Russia Fails To Pay Scheduled Interest On Dollar Bonds By Close Of Business In London
Holders of Russian government dollar bonds with coupons due on Wednesday have not received confirmation of payment as of close of business in London, according to Reuters, raising fears that the Russian default we previewed last night – the first since 1998 – may be imminent (once the 30 day grace period expires).
At issue are two dollar-denominated government bonds which have $117 million in interest due today. Failure to pay – or attempting to pay in rubles instead of dollars – would potentially place Russia in default by its creditors. As discussed last night, the bonds have a 30-day grace period, so creditors can’t officially declare default until April 15.
Meanwhile, Russia is arguing that if it defaults it won’t be its fault but rather that of sanctions: “The possibility or impossibility of fulfilling our obligations in foreign currency does not depend on us,” FinMin Anton Siluanov told Russia Today. “We have the money, we paid the payment, now the ball is on the side, first of all, of the American authorities.”
Earlier in the week, Siluanov indicated that the payment might end up being made in rubles because the central bank’s foreign currency accounts have been bocked by sanctions.
“The payment arrived at the appropriate American bank, which is our foreign currency account holder,” he told RIA, adding: “Currently the payment is being processed and so far we have had no statements on whether it has or hasn’t gone through. So far it hasn’t gone through. But we know that the bank is in talks with OFAC, has requested the necessary information from us about the purpose of the payment. So we are currently waiting for information from our account-holder bank.”
And, as noted above, at least one investor in both bonds told the Journal that he hadn’t received payment as of early Wednesday.
The last time Russia reneged on its foreign debts was after the Bolshevik Revolution in 1918. Russia defaulted on its local-government debt in 1998 as the post-Soviet economy struggled to find its feet. Oil prices had collapsed to $10 a barrel, starving the government of revenue. The crisis set the stage for President Vladimir Putin’s eventual rise to power at the end of 1999. -WSJ
According to the US Treasury, payment of interest on the bonds issued before March 1 by Russia’s central bank national wealth fund or finance ministry is permissible until May 25, per the Journal, after which a specific Treasury-approved license will be required to continue to receive interest, dividends, or maturity payments on Russian government debt. Under those rules, analysts expect that the Kremlin will be able to satisfy its foreign-currency debt in the coming weeks.

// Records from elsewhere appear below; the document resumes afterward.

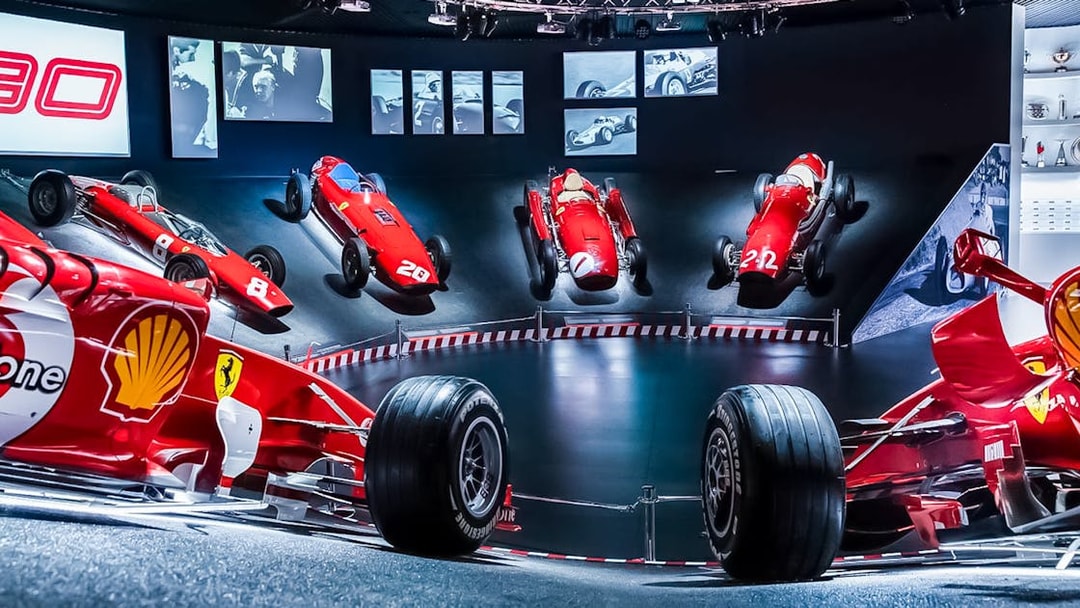 Ferrari race cars displayed at Maranello Ferrari Museum, part of the Modena Enzo Ferrari Museum combo ticket.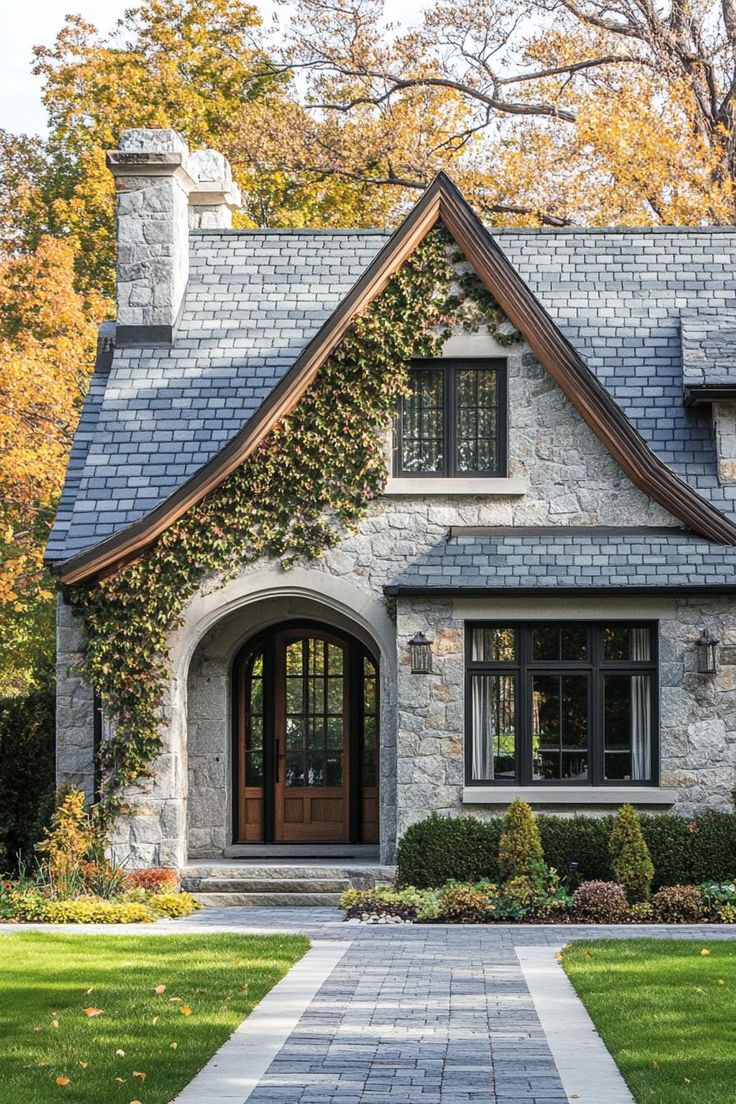 a stone house with ivy growing on the roof and front door, surrounded by lush green grass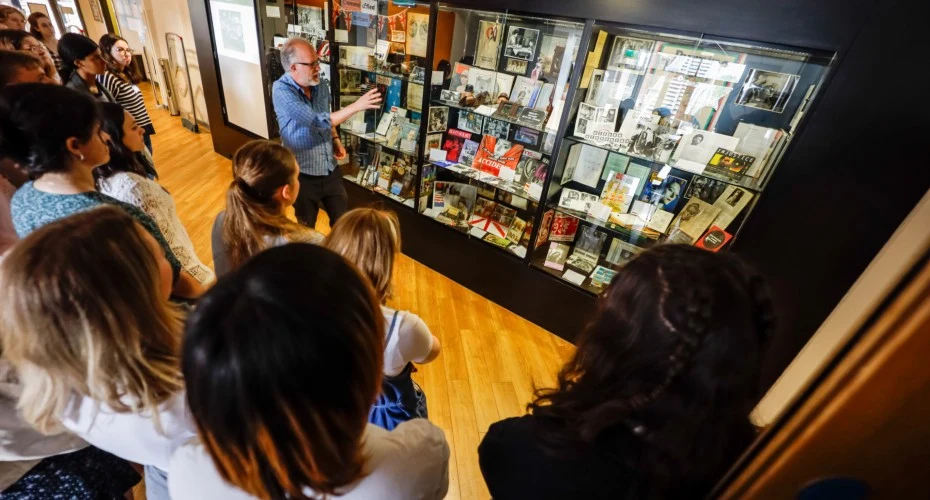 Tutor talking to a group of students at the Bill Douglas Musuem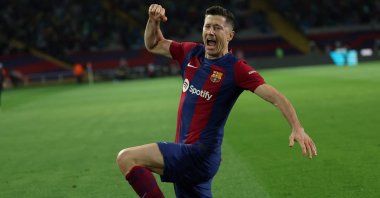 Barcelona's Robert Lewandowski celebrates after scoring his team's third goal during the La Liga match against Valencia at the Estadi Olimpic Lluis Companys, Barcelona, Spain, April 29, 2024. (AFP Photo)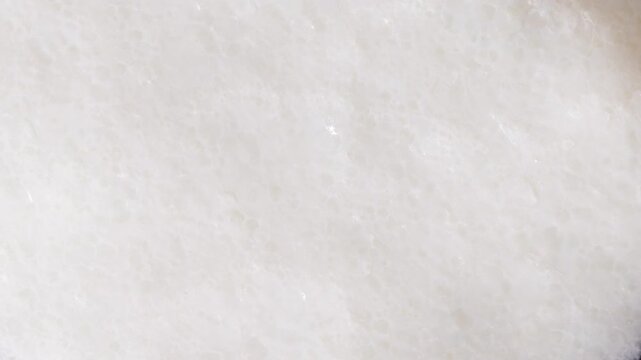 Creamy white froth and bubbles on blended milk drink surface, full-frame macro texture background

“They’re playing a game of chicken with the West,” said senior emerging-market sovereign strategist, Timothy Ash, of BlueBay Asset Management. “Our understanding is that it is possible to make the payment.”
Well, you know what they say about opinions… Meanwhile the only thing that matters at the end of the day, is what the numbers in the bank account say, and for now they aren’t saying anything new.